半沢直樹シリーズ第五弾。期待の新作をやっと手に取ることができた。

だがこの物語で描かれている半沢直樹は、ドラマより「過去」だ。
時は大阪西支店時代。融資課長としてバリバリ銀行員として働いていた頃だ。
大阪西支店の支店長 浅野匡はドラマ内では(1期目の時に)浅野忠信さんが演じているし、ドラマでは上戸彩さんが演じていた奥さんの花も登場する。ビックリなのは半沢夫婦には子供がいるということだ。そこはドラマとは大きく違う雰囲気だ。
相棒の渡真利さん(ドラマでは及川光博)は今回もそれなりに活躍する。


この物語ではいつもの「半沢直樹の逆転劇!」だけではなく、ミステリー要素も含めている。簡単に言えば絵画や美術館の売買、そして東京中央銀行のM&A推進の方針 が絡んでおり、ページをめくるごとに紐が綺麗に解かれるように真実が明らかになっていく。

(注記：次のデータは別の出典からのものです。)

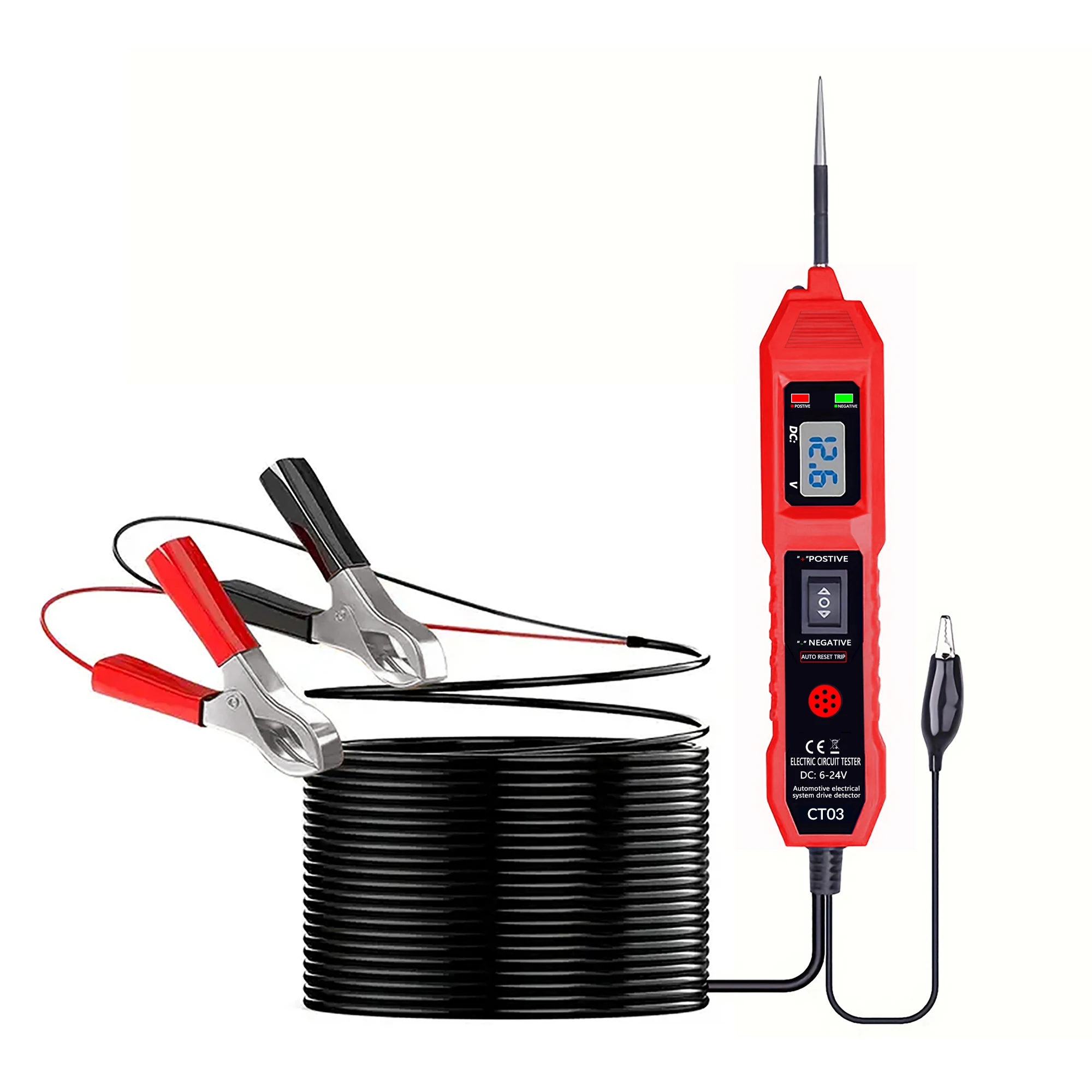 Comprobador de Circuitos Automotrices - Voltaje de 6 a 24 V, Pantalla LED y Notificación por Zumbador, Multifuncional y Duradero, Verde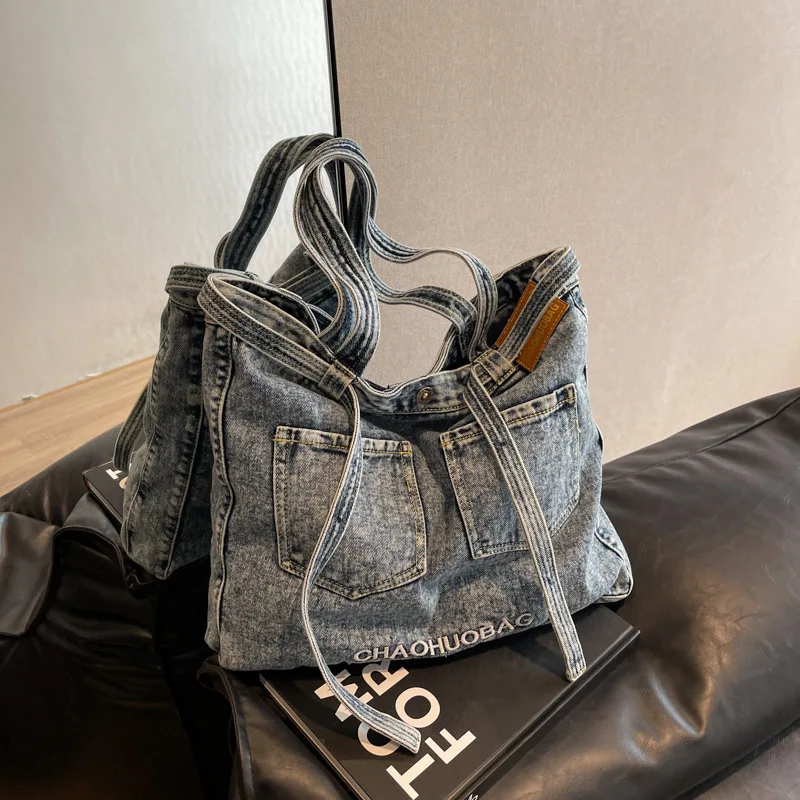 Japanese minimalist denim bag, female letter printed canvas bag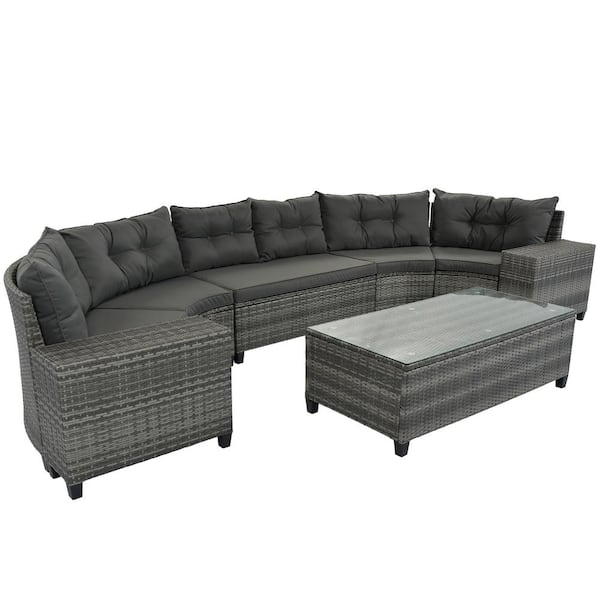 Unbranded 8-piece Wicker Outdoor Round Sectional Sofa Set with Rectangular Coffee Table, Dark Gray Cushions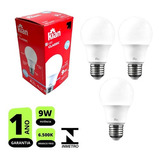 Kit 3x Lâmpadas Led Bulbo 9w Econômica Branca Fria E27 Cor Da Luz Branco-frio 110v/220v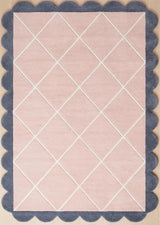 Modern Hand Tufted Wool Rug, Scalloped Border, Geometric Diamond Pattern,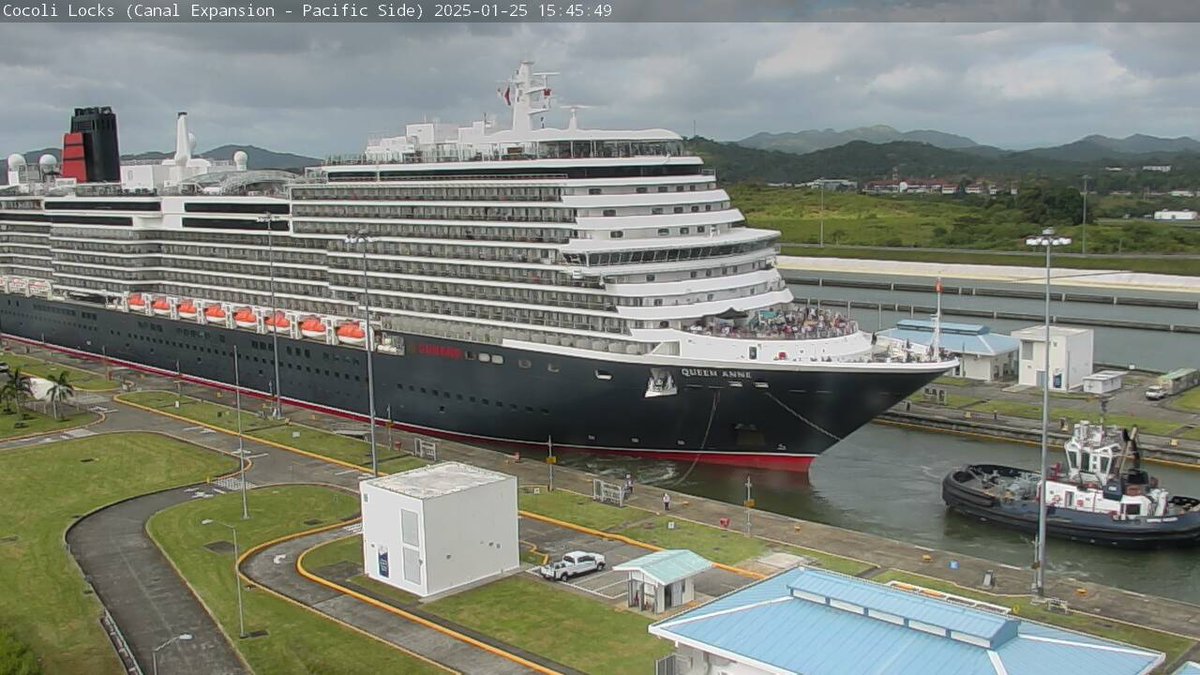 ⚓Mr Craig Bull ⚓️ (@cbullocean46) on Twitter photo Cunard Queen Anne maiden transit of #panama #canal #cunardline #QueenAnne Cunard Queen Anne maiden transit of #panama #canal #cunardline #QueenAnne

本作でももちろん「痛烈な銀行(印)批判」がうたわれている。ずるい人間はたくさんいるのだ、と訴えかけてくる。
313ページに"サラリーマンの人生は人事で決まる。故に人事は公正でなければならない"とある。本作でも半沢は田舎のどこかへ飛ばされそうになるわけだが、半沢は「やられたらやり返す、倍返しだ!」の人間である。基本性善説に基づいて行動している彼だからこそ、やるときはやる。会社(融資先)のことを考える。支援すべき会社を、見定めていく。銀行の都合や一部の"お偉いさん"の都合で犠牲になる人がいないよう、半沢はいつだって正々堂々と敵と対峙する。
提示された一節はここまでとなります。